In 1957 the title passed to Iain Murray, 10th Duke of Argyll, who turned Blair Castle into the major visitor attraction it has since become. On his death in 1996, a relative in South Africa, John Murray, became the 11th Duke of Atholl. He visits each year, while the day to day management of the castle and estate is in the hands of the Blair Charitable Trust.
The visitor car park is to the east of the castle, and from here you can choose to explore the gardens or visit the castle itself. Assuming you choose the latter, you cross the footbridge over the Banvie Burn and approach the castle across the large open area to its north east. The entrance hall gives you an instant "wow!" the first of a number you experience as you wander around the castle at you own pace. Two storeys high, its wood panelled walls are covered by muskets, swords and targes (shields), including some used at the Battle of Culloden in 1746.
You go on to explore three floors of much of the main part of the castle, a grand total of 30 rooms. The visitor route is easy to follow, and takes you first through the vaulted ground floor rooms added as part of the 1530 extension.
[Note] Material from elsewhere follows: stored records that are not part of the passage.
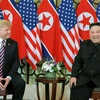 US, DPRK to maintain positive dialogues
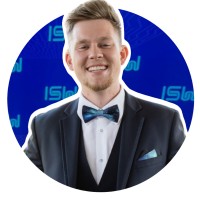 Zachary Zimmerman's profile photo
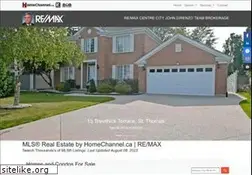 Sites similar to homechannel.ca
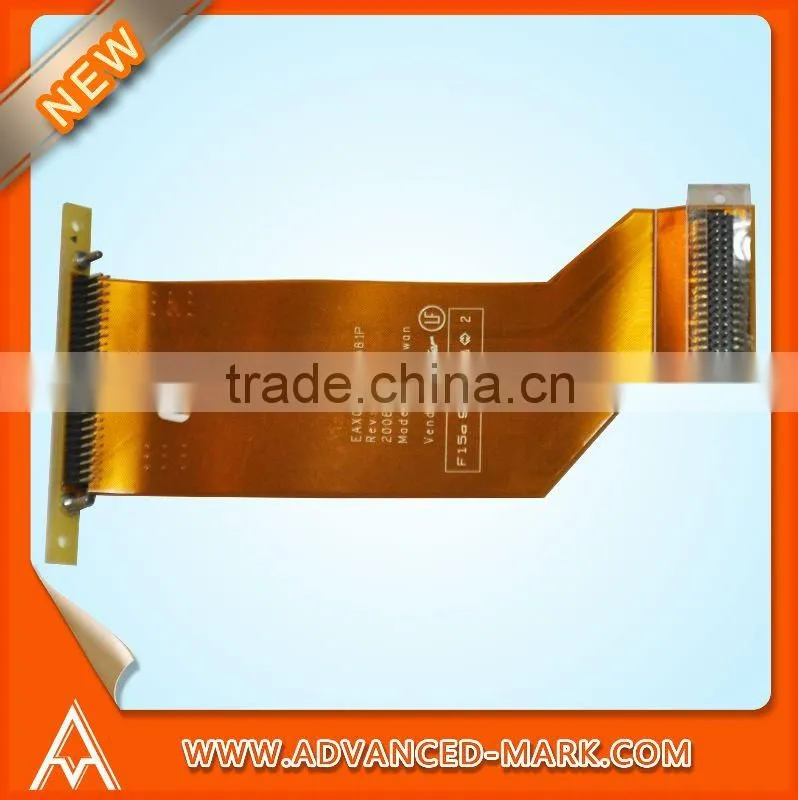 * New * , Replace Laptop HDD Cable Converter For Gateway EAX00 / LF-2581P ,Test OK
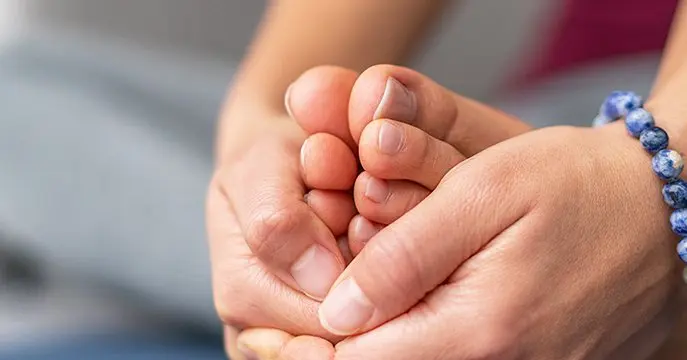 abgefallener nagel - Kann ein Nagel wieder ans Nagelbett anwachsen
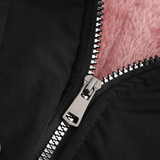 Аура - Уютно и Издръжливо Зимно Яке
You then climb the magnificent picture staircase, completed in 1756 and serving as a vertical family portrait gallery.
The upper two storeys are home to a mix of grand and more intimate rooms, with the grandest being the drawing room, perhaps the purest expression of the Georgian mansion Blair Castle became in the 1740s, complete with Louis XVI chairs. Not far behind in terms of splendour is the dining room, with its incredible plasterwork by Thomas Clayton. It is hard to believe that until the 1740s this had served as the great hall of a medieval castle.
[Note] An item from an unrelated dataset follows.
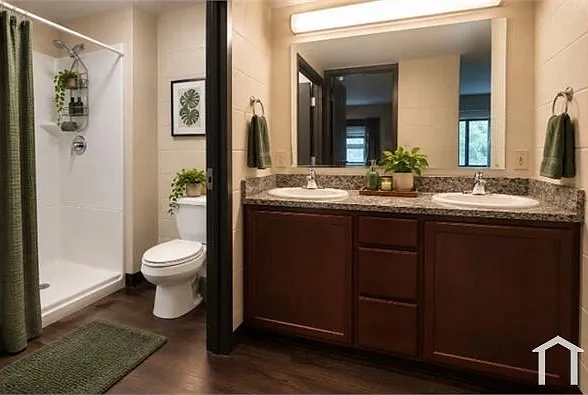 1 bed, $1,200 — Photo 2
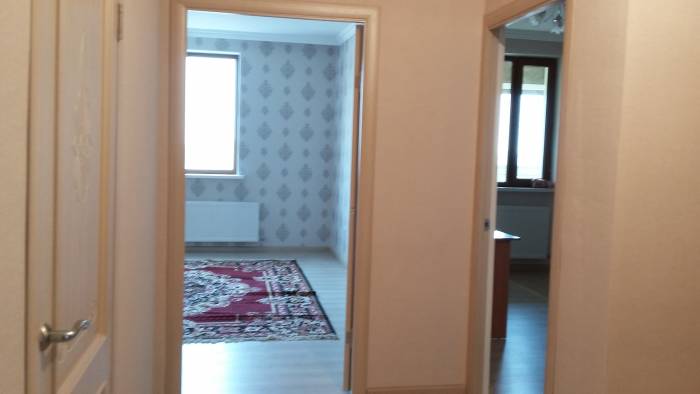 Сдам 2х комн.квартиру 52кв.м., фотография 1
The range of bedrooms is fascinating, including the red bedroom, whose name is a simple description of the dominant colour. The blue bedroom suite is rather more subtle, with pastel shades dominating. This bedroom has an en suite bathroom, a real rarity for 1885 when it was installed.
Subtlety is not a word that springs to mind for the tapestry room. The walls are decorated with tapestries that once belonged to Charles I but were sold in Paris following his execution. The four poster bed is best described as "striking", and is decorated with ostrich feathers rising from each corner post. The tour concludes back on the ground floor, where you can marvel at the ballroom, the largest room in the castle, before passing through to the shop and the restaurant in the new visitor centre.